Combining RO-Crates from SSBD, IDR and BIA into a single dump.
BIA crates: https://github.com/BioImage-Archive/gide-ro-crate/tree/main/study_ro_crates
IDR crates: https://github.com/German-BioImaging/idr_study_crates/tree/main/ro-crates
SSBD: https://github.com/openssbd/gide-ro-crate
-
Get the *-ro-crate-metadata.json files, currently via git submodules (see 'collect_crates.py')
-
Validate the RO-Crates using a SHACL profile (see "gide_shapes.ttl" for the profile and "validate_crates.py" for processing)
-
Generate an "index.html" displaying the compliance stats for the crates
TODOS: Add URI-level validation (are ontology entries correct/valid? which ontologies are used?)
TODOS:
- Serialize in RDF
Something like https://github.com/German-BioImaging/idr_study_crates/blob/main/scripts/batch_generate.py#L3102
def write_merged_ttl(
output_path: Path, output_dir: Path, subcrates, index_path: Optional[Path]
) -> None:
try:
from rdflib import Graph
except ImportError as exc:
raise SystemExit(
"rdflib is required to write Turtle output. Run with `uv run` or install via `python3 -m pip install rdflib`."
) from exc
from rdflib.plugins.shared.jsonld import context as jsonld_context
graph = Graph()
original_fetch = jsonld_context.Context._fetch_context
def _fetch_context(self, source: str, base: Optional[str], referenced_contexts): # type: ignore[no-untyped-def]
source_url = urljoin(base or "", source)
if source_url == RO_CRATE_CONTEXT_URL:
return RO_CRATE_CONTEXT_FALLBACK
return original_fetch(self, source, base, referenced_contexts)
jsonld_context.Context._fetch_context = _fetch_context
try:
if index_path is not None:
index_data = json.loads(index_path.read_text(encoding="utf-8"))
index_base = crate_base_iri(index_data, index_path.resolve().as_uri())
graph.parse(
data=json.dumps(index_data), format="json-ld", publicID=index_base
)
for descriptor_file, crate in subcrates:
crate_path = (output_dir / descriptor_file).resolve()
crate_base = crate_base_iri(crate, crate_path.as_uri())

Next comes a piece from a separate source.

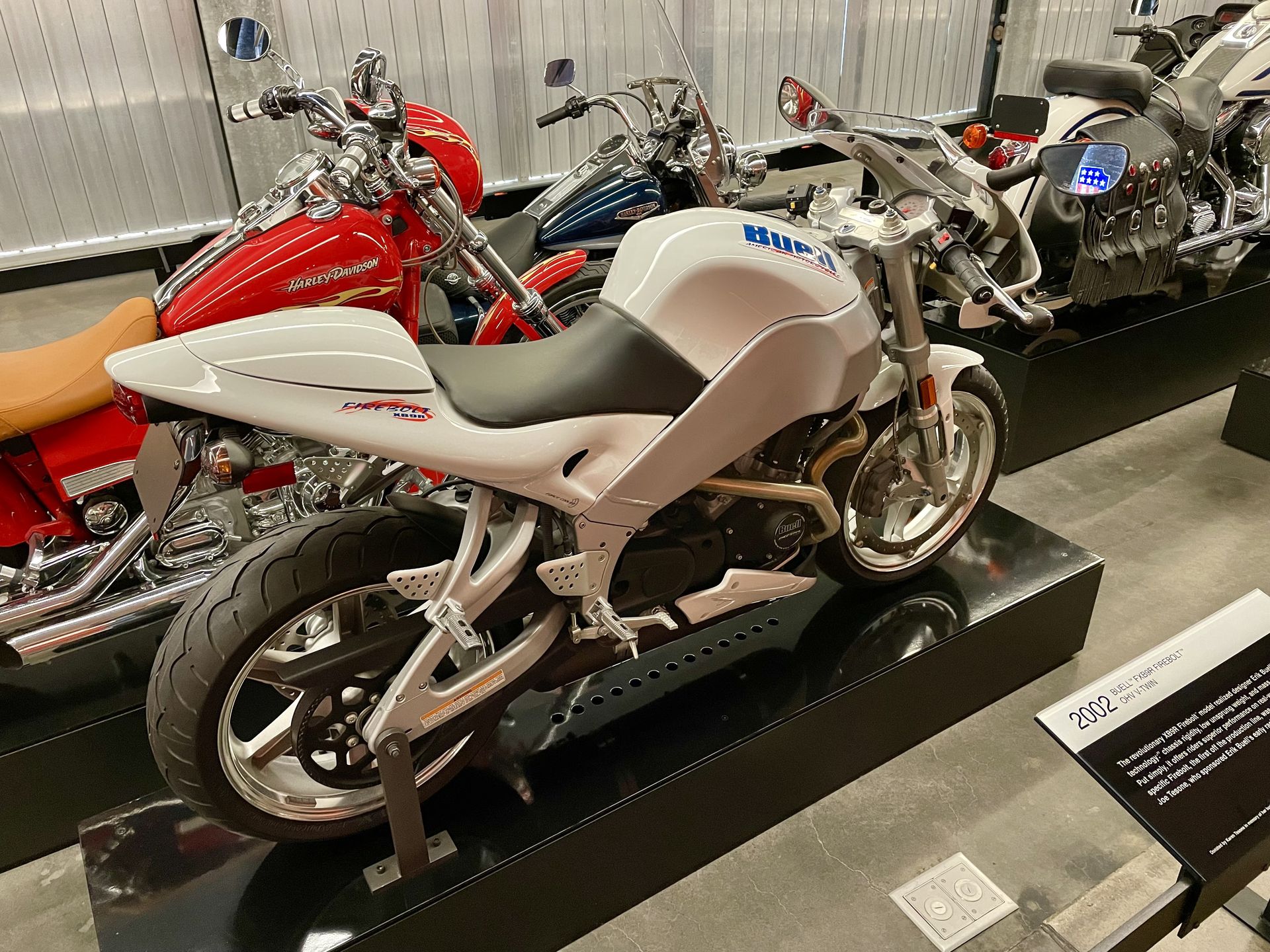 Harley oferował motocykle Buell do października 2009 r.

graph.parse(data=json.dumps(crate), format="json-ld", publicID=crate_base)
finally:
jsonld_context.Context._fetch_context = original_fetch
output_path.parent.mkdir(parents=True, exist_ok=True)
graph.serialize(destination=str(output_path), format="turtle")- Output to Zenodo or something as a GIDE deliverable
-
Enrich with upper terms from FBbi and NCBITaxon (see https://github.com/German-BioImaging/idr_study_crates/blob/main/scripts/join_with_fbbi_and_ncbitaxon.py)
-
Upload as a dataset to Triply (via API, ideally)
-
Set up a fork of https://github.com/German-BioImaging/idr-sparnatural pointing to the joint endpoint.